|
(Yale photo) |
Billionaire short-seller
Jim Chanos (Yale '80) now teaches Financial Fraud through History: A Forensic Approach at his alma mater. Chanos says that financial reform legislation such as Dodd-Frank and Sarbanes-Oxley has done little to stem the fraud and chicanery in our capital markets [bold added].
Corruption is everywhere in the business world, he warns, citing a survey in which 45 percent of chief financial officers said their CEOs had asked them to falsify financial results.
He lambasts the audit profession:
Chanos constantly nudges his students to challenge established opinion. When one of them remarks that a scandal-ridden firm had a reputable auditor signing off on its reports, he says, “They all have reputable audit firms. That’s one thing I want you to take away from this course: every big fraud had a great audit firm behind it.” He likens auditors and government regulators to archaeologists. “They’ll tell you what happened after the damage has been done.”

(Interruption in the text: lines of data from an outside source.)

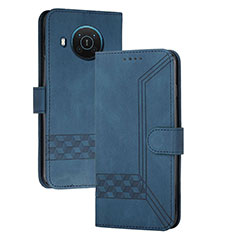 Leather Case Stands Flip Cover Holder YX2 for Nokia X20 Blue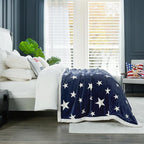 Cozy Bliss Thick Warm Sherpa Fleece Star Blanket, Double Sided Patriotic Throw Blanket Fluffy Soft Fuzzy Thick Blanket for Couch, Bed and Gifts(Navy Blue, 50" x 60")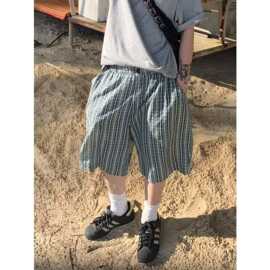 美式复古格纹宽松休闲五分裤男女夏季慵懒风情侣百搭廓形阔腿短裤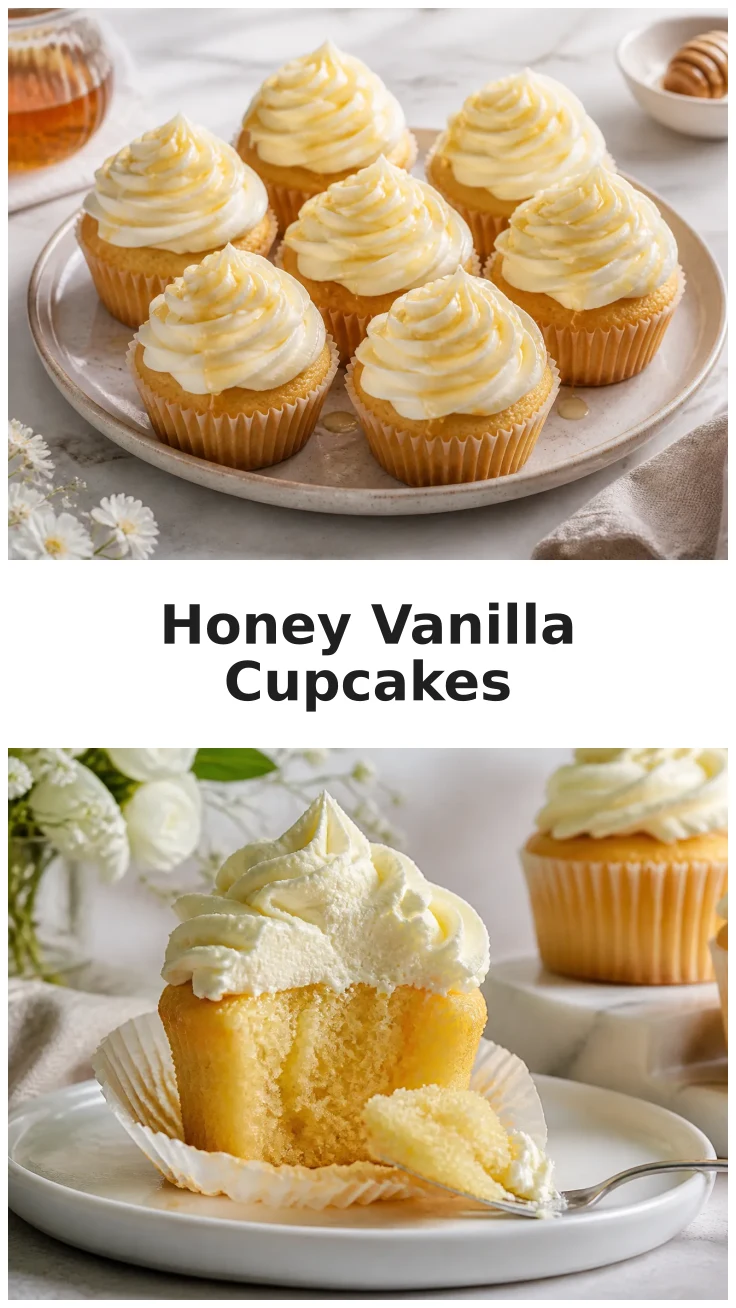 Soft Honey Vanilla Cupcakes with Creamy Frosting Recipe Soft Honey Vanilla Cupcakes with Creamy Frosting Recipe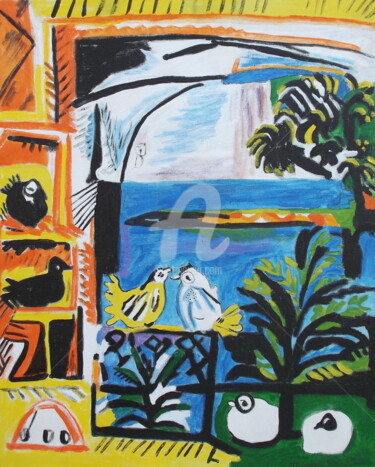 Pintura intitulada "Os pássaros" por Mariza Sbrissa, Obras de arte originais, Acrílico
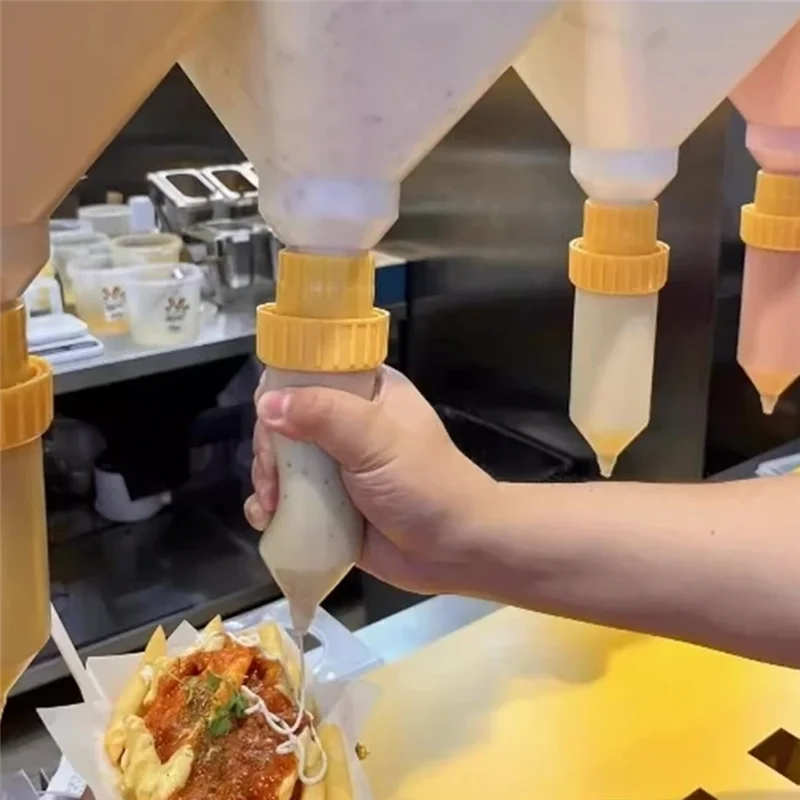 Stabil – 3,5 l Soßenflasche, Soßen-Quetschflasche, hängender Soßenspender, Quetschflasche, hängender Soßenspender, großer Durchmesser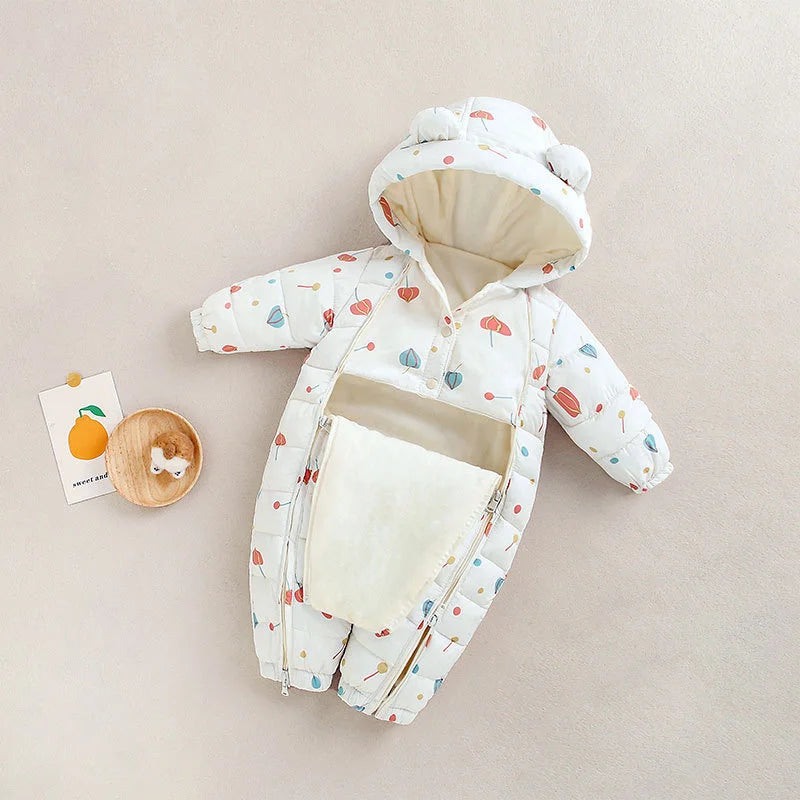 Children Autumn Winter Overall For Infant Down Cotton Thicken Clothes Hooded new born Baby costume Boys Girls Jumpsuit Romper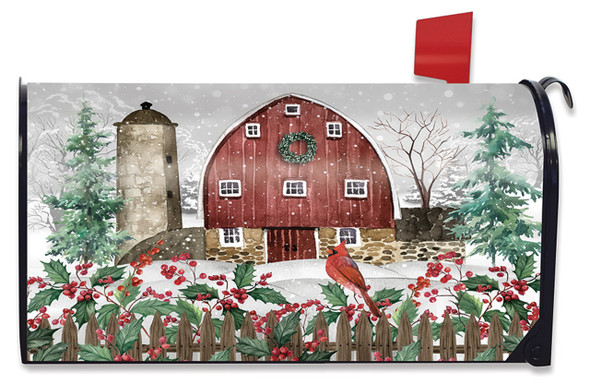 Barn in Snow Mailbox Cover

I wish that my school counselor had taken me aside before I went into accounting and said, "You won't get rich, you'll be ignored--there's a reason why they call it a back-room job, and you'll be blamed when things fall apart. The only consolation is that you'll be one of the few who know what's going on." Jim Chanos also knows what's going on, and short-sellers like him take some of the blame when businesses fail. The difference is that he's got $ billions to console him, and the rest of us don't.